- The task
Leave out the pictures and copy the remaining records exactly.

- Provided entries
------
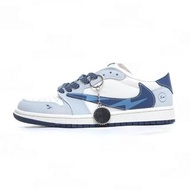 Nike Air Jordan Low 倒勾 TS 聯名 白灰閃電藍勾 運動鞋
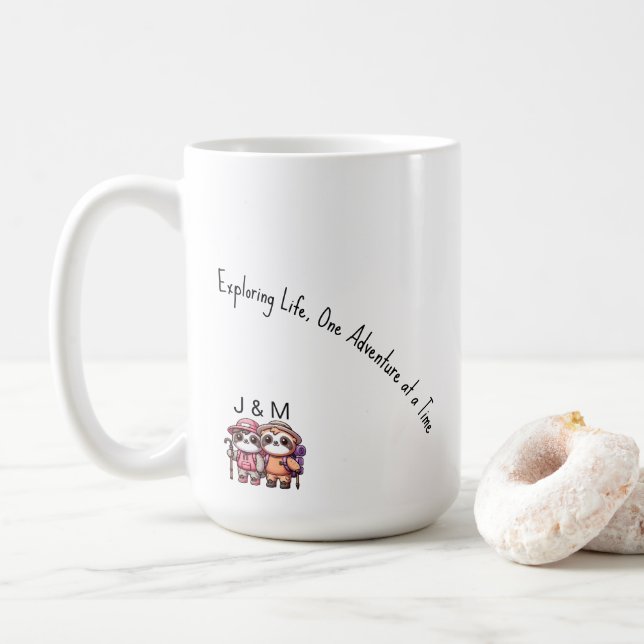 Niedliche Kawaii Sloth Couple Adventure Wandern Kaffeetasse (Mit Donut)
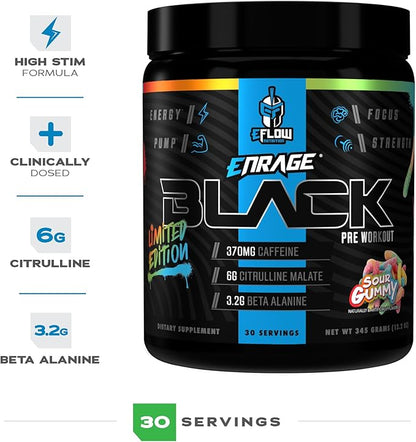 eFlow Nutrition Enrage Black High Stimulant Pre Workout Supplement - Preworkout Powder to Boost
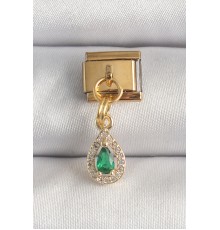 316L Çelik Gold Renk Sallantı Damla Yeşil Zirkon Taşlı Nomination Charm - TJ-BC1349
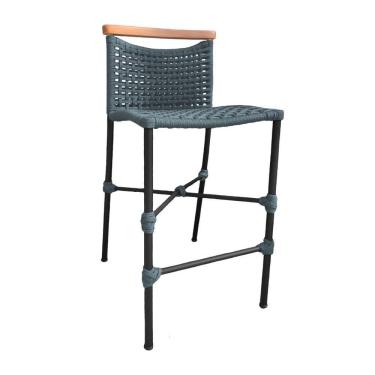 Imagem de Banqueta Anne Em Corda Náutica Base Em Alumínio Preta Com Detalhe Em Madeira Cinza - Cor: Cinza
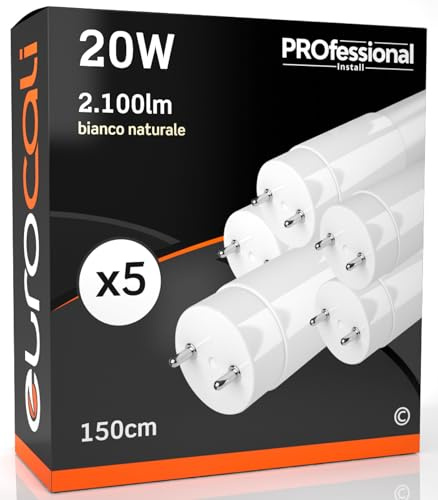 Eurocali 5x Tubi LED 150cm G13 T8 20W 2100 lumen - Luce Bianco Naturale 4000K - Fascio Luminoso 160° - Sostituzione Neon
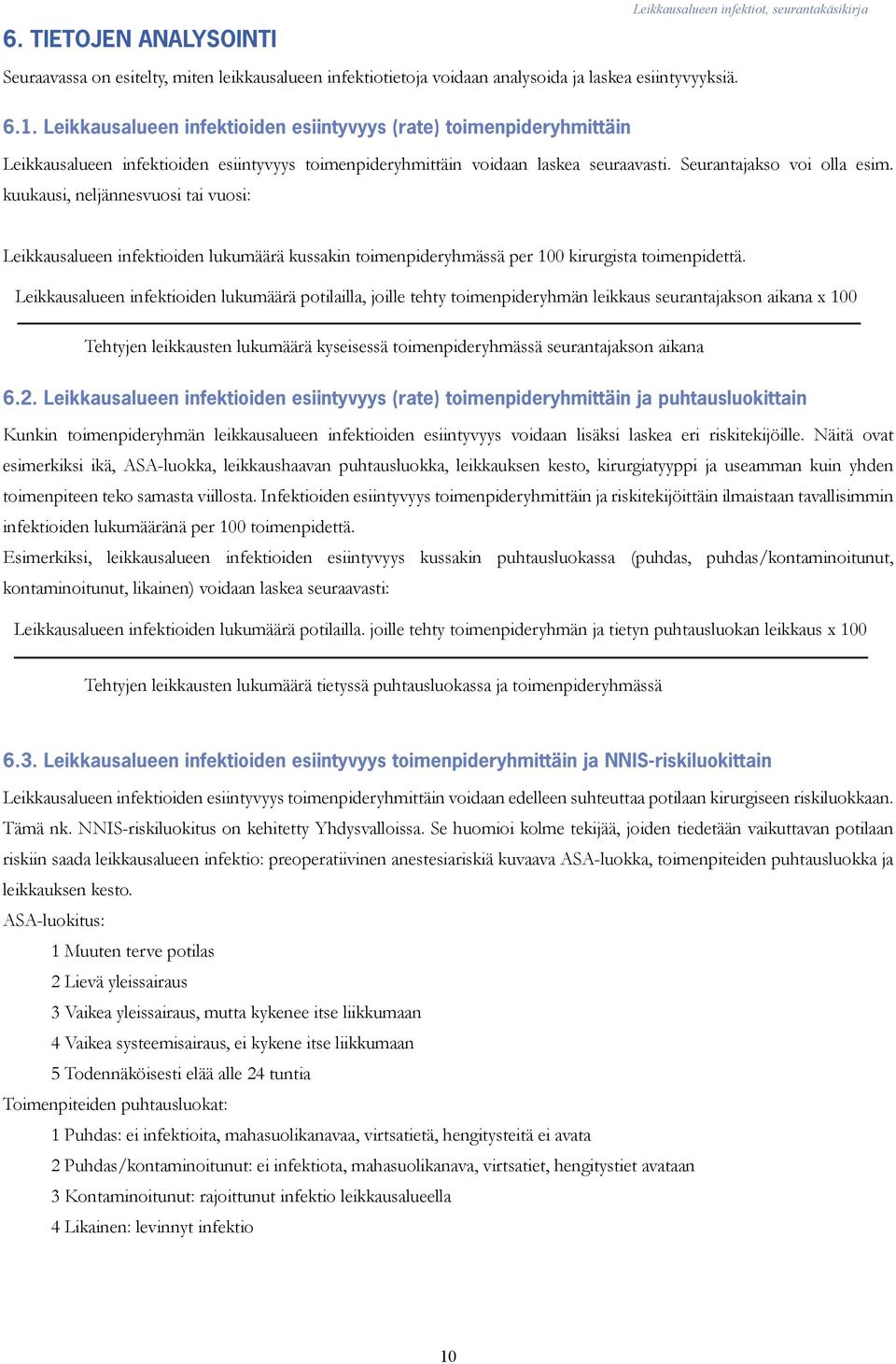 kuukausi, neljännesvuosi tai vuosi: Leikkausalueen infektioiden lukumäärä kussakin toimenpideryhmässä per 100 kirurgista toimenpidettä.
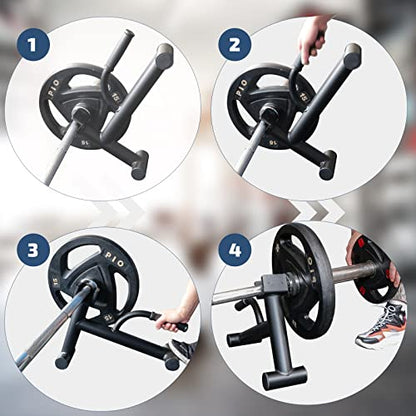 Deadlift Jack Barbell Stand,Barbell Stand for Weight Training Home Gym Easily Unload and Load 600lbs Barbell Plates for Deadlift Exercise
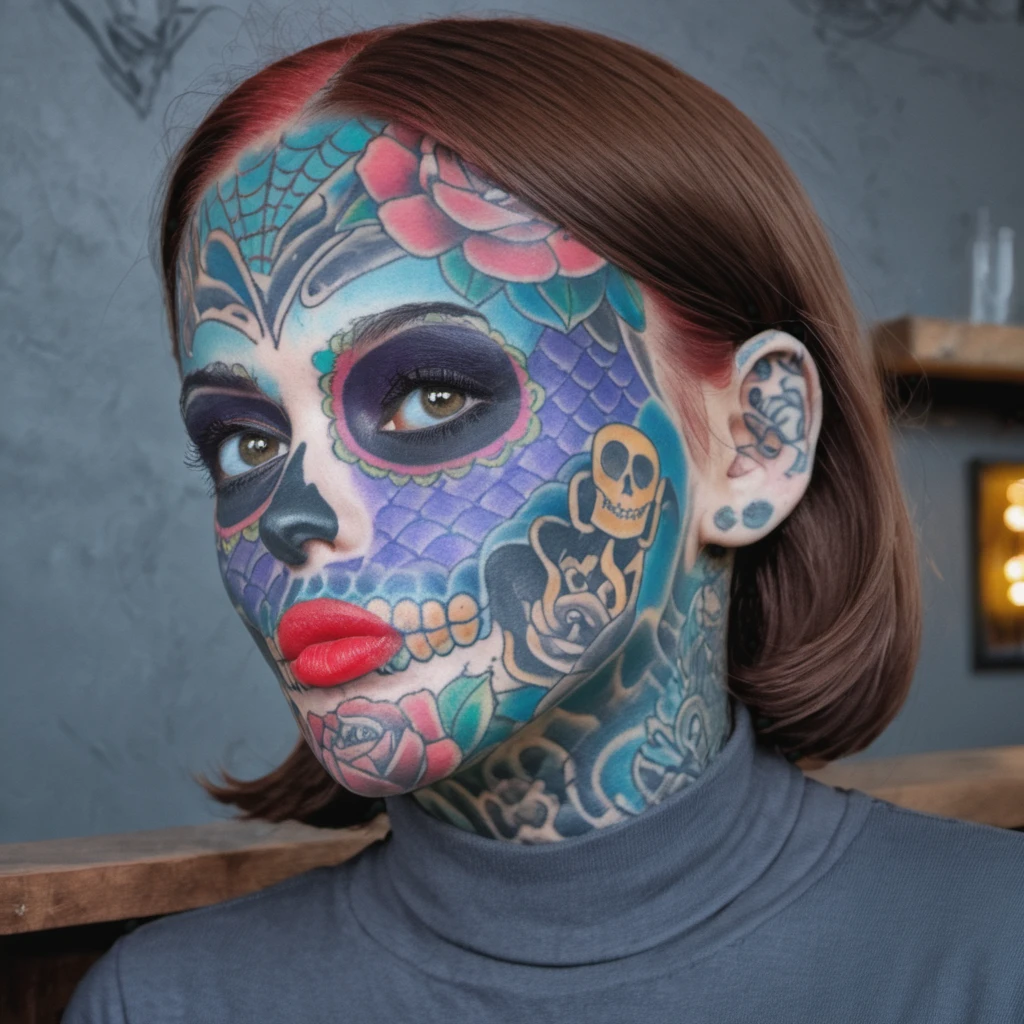 a woman with sugarskullfacetattoo in an bar  <lora:sugarskullfacetattoo_SDXL:1>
------
- Exercise response
 Nike Air Jordan Low 倒勾 TS 聯名 白灰閃電藍勾 運動鞋
 Niedliche Kawaii Sloth Couple Adventure Wandern Kaffeetasse (Mit Donut)
 eFlow Nutrition Enrage Black High Stimulant Pre Workout Supplement - Preworkout Powder to Boost
 316L Çelik Gold Renk Sallantı Damla Yeşil Zirkon Taşlı Nomination Charm - TJ-BC1349
 Imagem de Banqueta Anne Em Corda Náutica Base Em Alumínio Preta Com Detalhe Em Madeira Cinza - Cor: Cinza
 Eurocali 5x Tubi LED 150cm G13 T8 20W 2100 lumen - Luce Bianco Naturale 4000K - Fascio Luminoso 160° - Sostituzione Neon
 kuukausi, neljännesvuosi tai vuosi: Leikkausalueen infektioiden lukumäärä kussakin toimenpideryhmässä per 100 kirurgista toimenpidettä.
 Deadlift Jack Barbell Stand,Barbell Stand for Weight Training Home Gym Easily Unload and Load 600lbs Barbell Plates for Deadlift Exercise
 a woman with sugarskullfacetattoo in an bar  <lora:sugarskullfacetattoo_SDXL:1>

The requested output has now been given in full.